The performance was augmented by some stonking soprano playing, which in the right context really does blow the listener away. The band's other soloists also did their bit for the cause, but there were some moments of unease and it was just a shame that little things did detract from the performance. 4BR would have placed them higher than 8th, but that's contesting for you.

Kibworth's playing overall was of a very good standard, but throughout the performance one felt that much more shape and space could have been given to many parts of the music.

There were also some scrappy moments and the tuning suffered in certain sections, especially the quieter ones, but the end section where the theme comes through was impressive, and the band's baritone section got the piece off to a very atmospheric start. A decent performance which was never going to be a winner, but nonetheless was one which was enjoyable to listen too, and would have been more so if tuning and ensemble had been a little bit more secure.

Ransome Band put on a nice show, which 4BR felt was deserving of at least a couple of places higher than the 10th they were ultimately rewarded with. There was some great playing from the band, but also some stuff which made you scratch your head and wonder if the MD had really had thought things out for the acoustic of the hall.

An example of this is the main trombone theme towards the end of the piece being almost obscured at times by the cornet section above it, whilst some of the playing almost seemed to stop as the tempos were so slow. The cornet and horn soloists were excellent, as was Ransome's euphonium player, but as with many bands on the day, a touch more thought given to interpretation and style could have reaped greater rewards.

Cliff Parker had a tough job on his hands with ‘Isaiah 40'. Langley have only been in the Championship Section for a few years, and on the day the technical demands of the piece seemed to be too much for the band. Their performance started off in a very nice fashion, with a sonorous bass section adding much to the atmosphere that the band created at the beginning of the piece. However, when it got to many of the more technically challenging passages it all got a bit ragged, and despite a fine contribution from the solo horn player was not enough to push the band any higher up the placings. It was a brave effort though, and they will be back next year determined to do better.

The same can be said for Raunds Temperence, who, despite all their efforts, also failed to cope with many of the intricacies of the piece.
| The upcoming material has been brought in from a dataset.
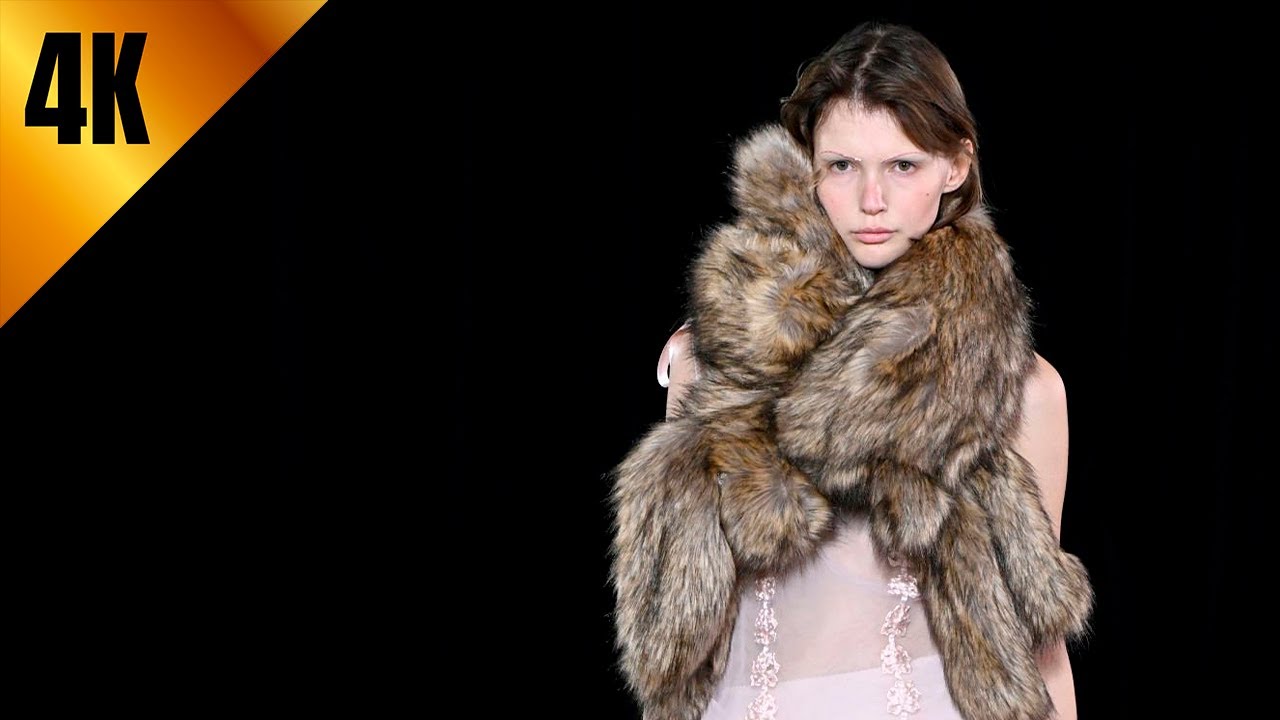 Simone Rocha | Fall Winter 2025/2026 | London Fashion Week thumnail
Both cornet and euphonium solos were very nicely played, but problems in tuning between individual members of the cornet section and nerves from other corners of the band did detract.
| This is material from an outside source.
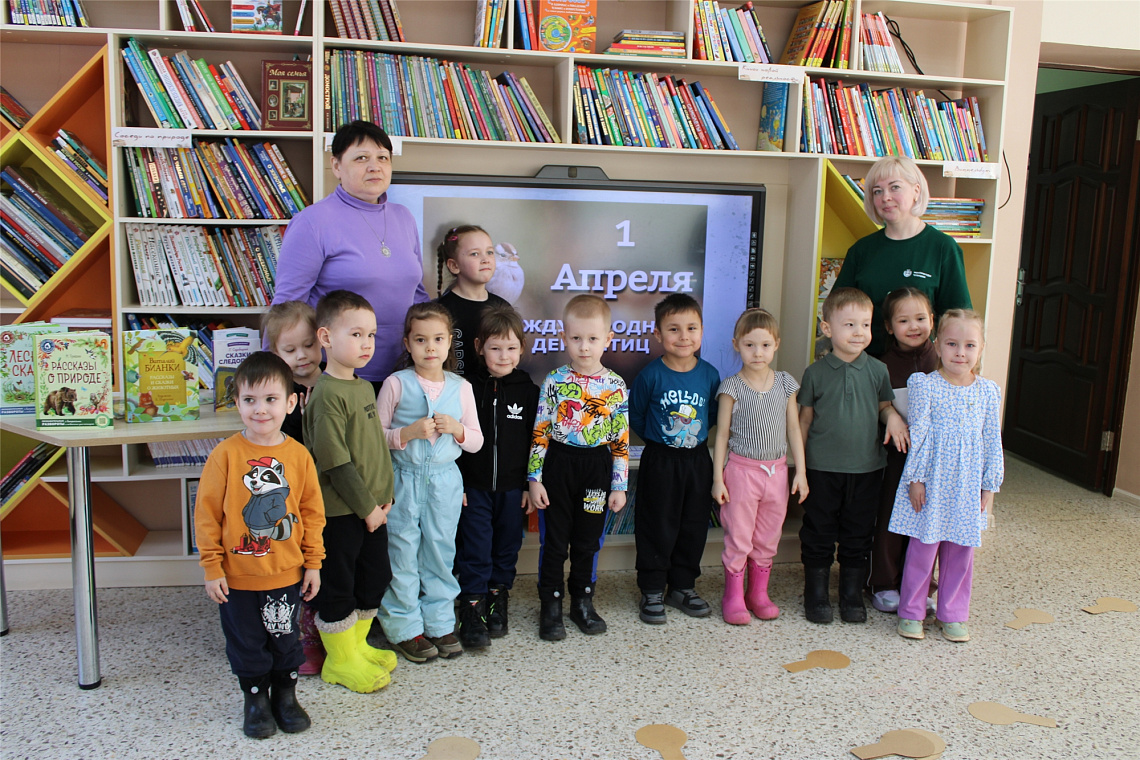 В Детской библиотеке состоялось информ-досье «Птички – симпатички»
However, for a band that had only just been promoted from the First Section the 12th placing they received should be taken as something to build on, as they also made a brave effort, and did not disgrace themselves in any way.    

It must be said that the overall standard was rather disappointing in the Championship Section here, but this could be to do with a very difficult piece being selected as the test rather than anything else. As in other sections over the weekend, problems in tuning were a major issue for many, and these things, which are so simple to fix, did detract a lot, too often. Some tuning made you wince in pain.

Another major issue is over-blowing. Several bands scuppered any chances they had of coming higher up in the placings by simply playing far too loud. Some of it was simply raucous and the two judges picked it up and punished it straight away. In fact, adjudicator David Read mentioned in his comments before the results were announced that some bands did tend to blow a bit too strongly, and that they were really looking for detail not harshness. David's colleague, Brian Buckley also mentioned the technical challenges of the work, saying that these have to be overcome before a performance of the piece can really be given.

In the end, musicality won the day in Burton-upon-Trent, and Staffordshire and Desford will go to London in October looking to prove that Midlands banding can offer a Champion Band of Great Britain once again.